The government is also developing a tram system for Casablanca that, when completed, is expected to reach 76 km in length. Turkish construction firm Yapi Merkezi won the first major construction contract for this project in mid-August. The company will be building the platforms and laying track for a 30-km stretch of the network between Sidi Moumen and Hay Mohammad. Tender rounds for two other sections of the network will be launched soon.

France’s Systra, an international consulting firm that specialises in rail and urban transport projects, is heavily involved in the project, with the French government providing Dh6.8bn (€620.2m) in preferential loan funding and the balance made up of Dh5.5bn (€501.6m) in other loans, Dh1.9bn (€173.3m) in grants, Dh4.8bn (€437.8m) from the Moroccan government budget, and Dh1bn (€91.2m) from the Hasan I Fund for Economic and Social Development. Work is expected to be completed in 2014, with operational testing and use to begin in 2015.

As for conventional rail, the country already has a track in place from its main northern line to the port of Nador and there are plans to extend this network to Agadir on the Atlantic coast and perhaps Laayoune in Western Sahara.

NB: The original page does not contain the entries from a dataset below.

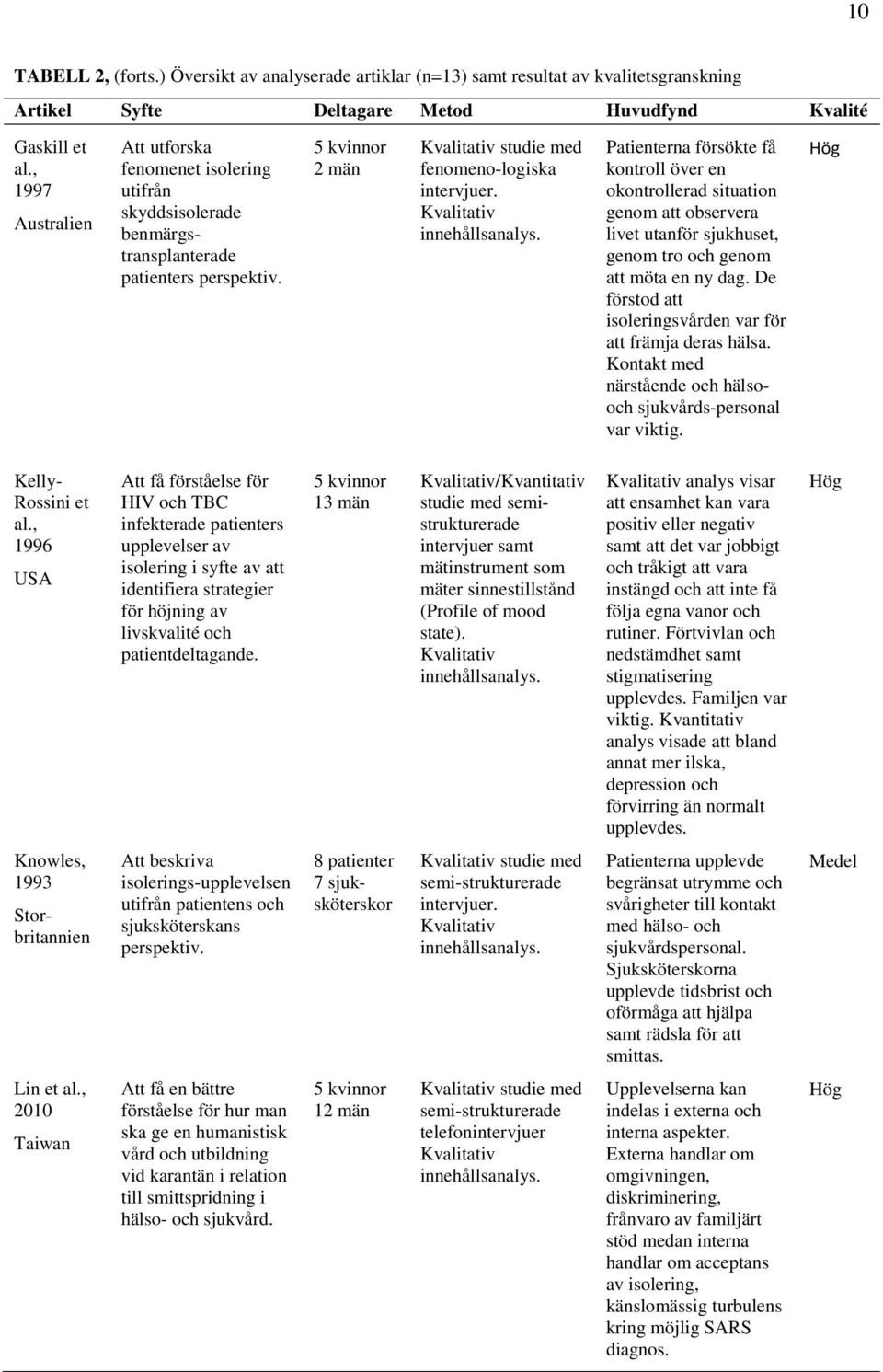 Kvalitativ innehållsanalys. Patienterna försökte få kontroll över en okontrollerad situation genom att observera livet utanför sjukhuset, genom tro och genom att möta en ny dag.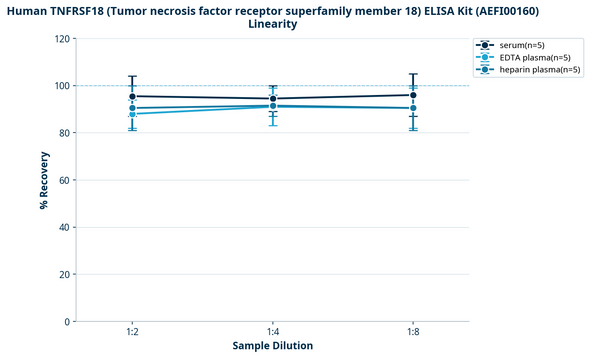 Human TNFRSF18 (Tumor necrosis factor receptor superfamily member 18) ELISA Kit (AEFI00160)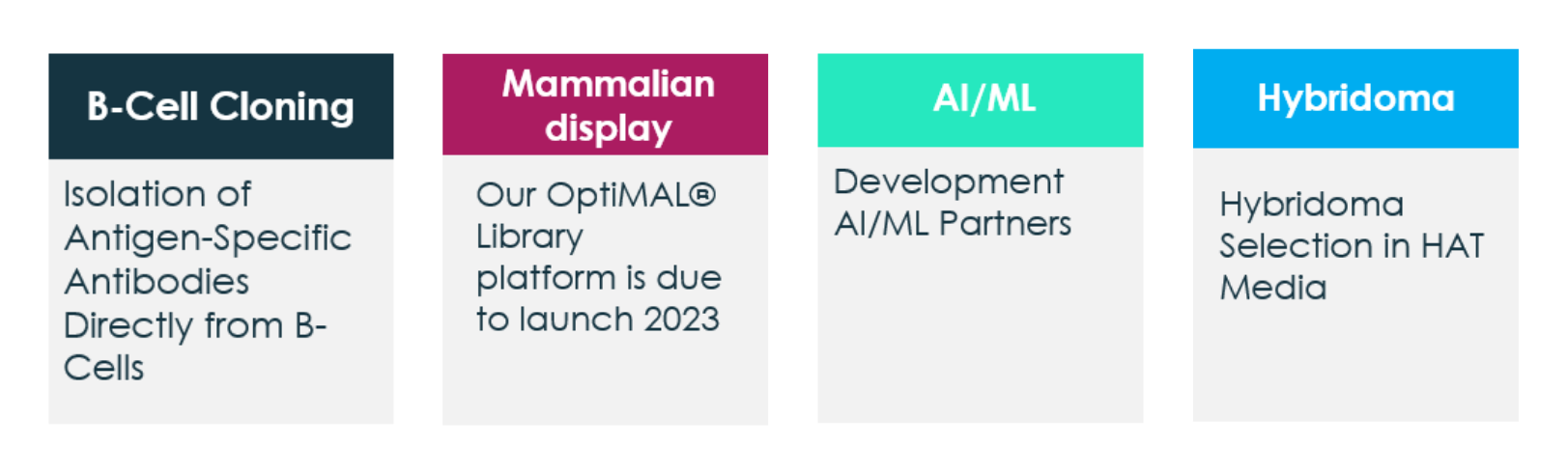Fusion laboratory supporting Antibody Discovery Services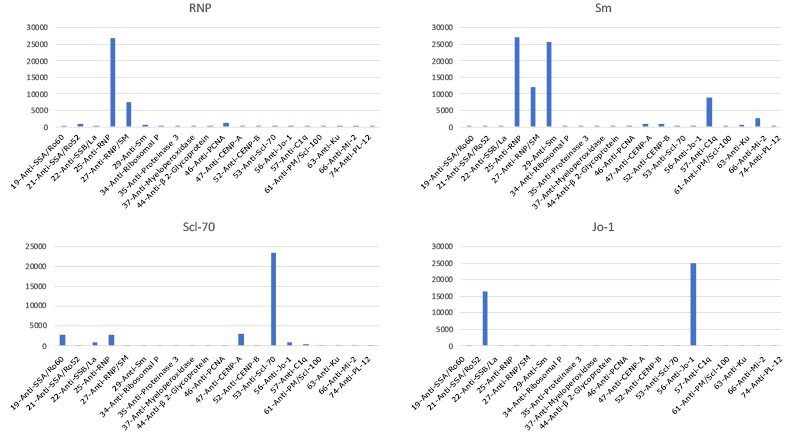 Graph showing data for autoimmune autoantibody analysis. Reference sera were available for evaluation of 10 autoantibodies in the MILLIPLEX® Human Autoimmune Autoantibody Panel. The controls exhibited elevated MFI for the autoantibodies for which they were expected to react strongly.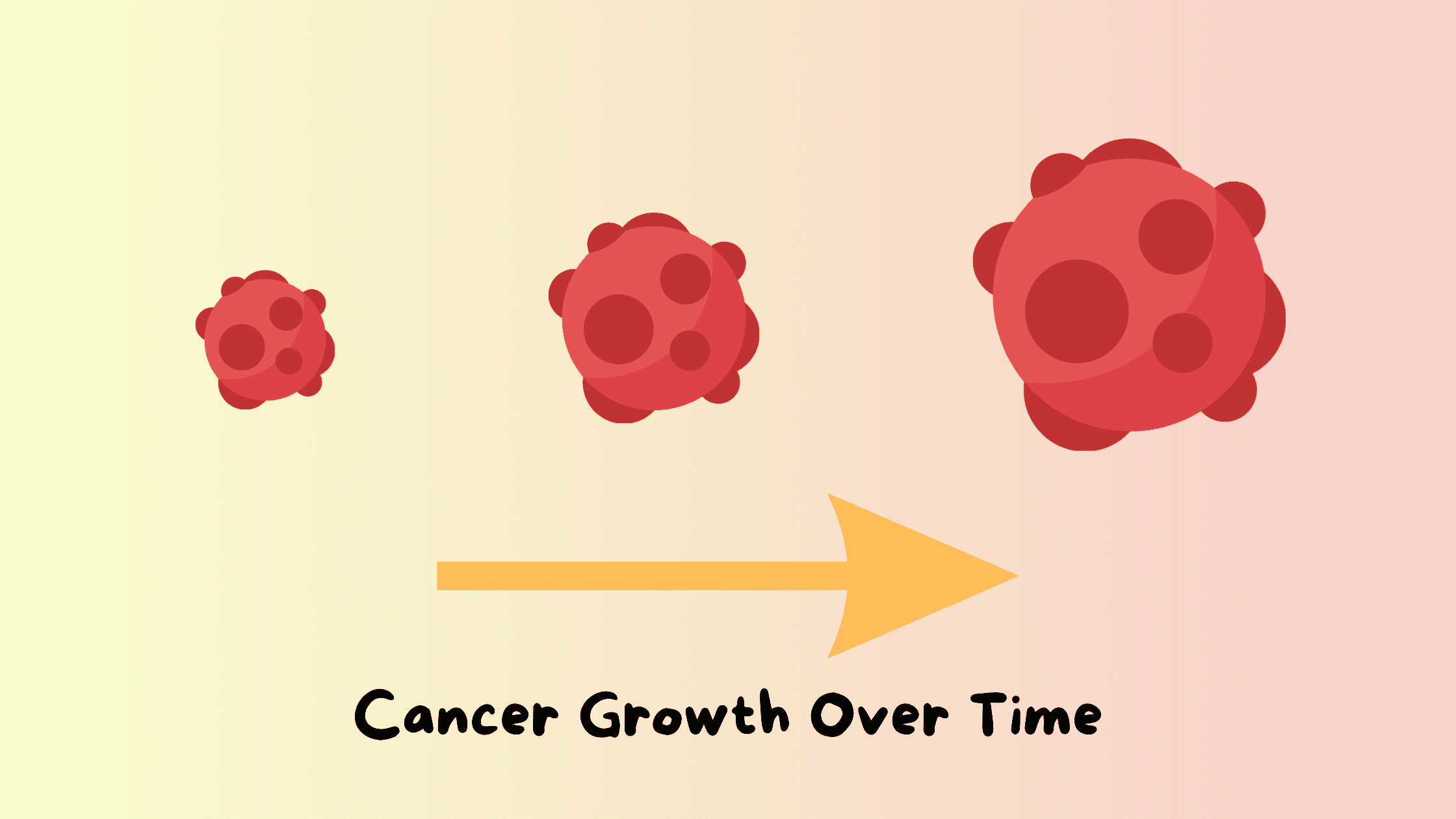 Growth of a malignant tumor over time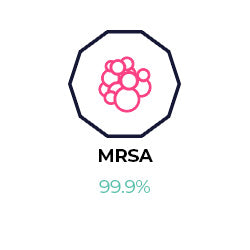 Graphic of MRSA virus and the air purifier effectiveness.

Rail is not the only form of transport that is being upgraded and expanded. A new terminal is under way at Marrakech Menara International Airport that will double its capacity and a €56m upgrade of the Fez Saiss Airport is also in the works. Both projects are being financed by loans from the African Development Bank.

As the country continues to expand its transportation networks, not only to more traditional areas such as Europe but also to the rest of Africa and the Gulf, investors will find it easier to do business in Morocco. A recent World Bank report commended the country for strengthening protection of investors, also highlighting significant progress in simplifying business procedures, which holds promise for future investors, particularly in the growing transport sector.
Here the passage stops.